On the Construction of New Toric Quantum Codes and Quantum Burst-Error Correcting Codes

TL;DR

This paper introduces a new family of toric quantum codes constructed from classical cyclic codes on square lattices, along with a quantum interleaving technique that enhances code performance and corrects burst errors.

Contribution

It presents a novel construction of toric quantum codes from classical cyclic codes on square lattices for all odd q ≥ 5, and introduces a quantum interleaving method to improve code rate and error correction.

Findings

Constructed an infinite family of toric quantum codes for all odd q ≥ 5.

Developed a quantum interleaving technique that outperforms existing toric codes.

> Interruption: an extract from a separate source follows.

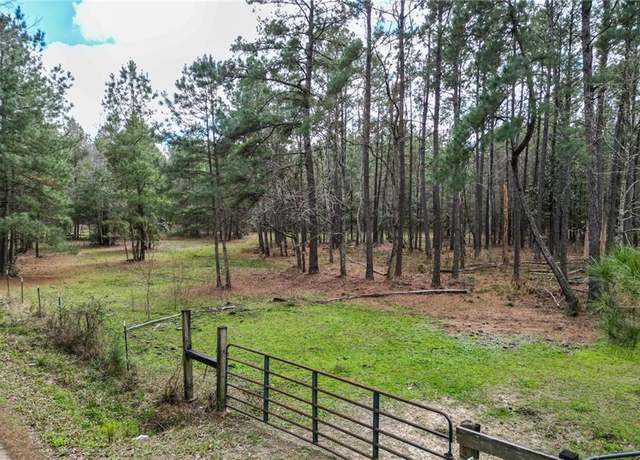 Property at 24.66 Ac Boyd Rd, Covington, LA 70435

Demonstrated improved code rate and coding gain with the interleaving method.

Abstract

A toric quantum error-correcting code construction procedure is presented in this work. A new class of an infinite family of toric quantum codes is provided by constructing a classical cyclic code on the square lattice $\mathbb{Z}_{q}\times \mathbb{Z}_{q}$ for all odd integers $q\geq 5$ and, consequently, new toric quantum codes are constructed on such square lattices regardless of whether $q$ can be represented as a sum of two squares. Furthermore this work supplies for each $q$ the polyomino shapes that tessellate the corresponding square lattices and, consequently, tile the lattice $\mathbb{Z}^{2}$. The channel without memory to be considered for these constructed toric quantum codes is symmetric, since the $\mathbb{Z}^{2}$-lattice is autodual. Moreover, we propose a quantum interleaving technique by using the constructed toric quantum codes which shows that the code rate and the coding gain of the interleaved toric quantum codes are better than the code rate and the coding gain of Kitaev's toric quantum codes for $q=2n+1$, where $n\geq 2$, and of an infinite class of Bombin and Martin-Delgado's toric quantum codes. In addition to the proposed quantum interleaving technique improves such parameters, it can be used for burst-error correction in errors which are located, quantum data stored and quantum channels with memory.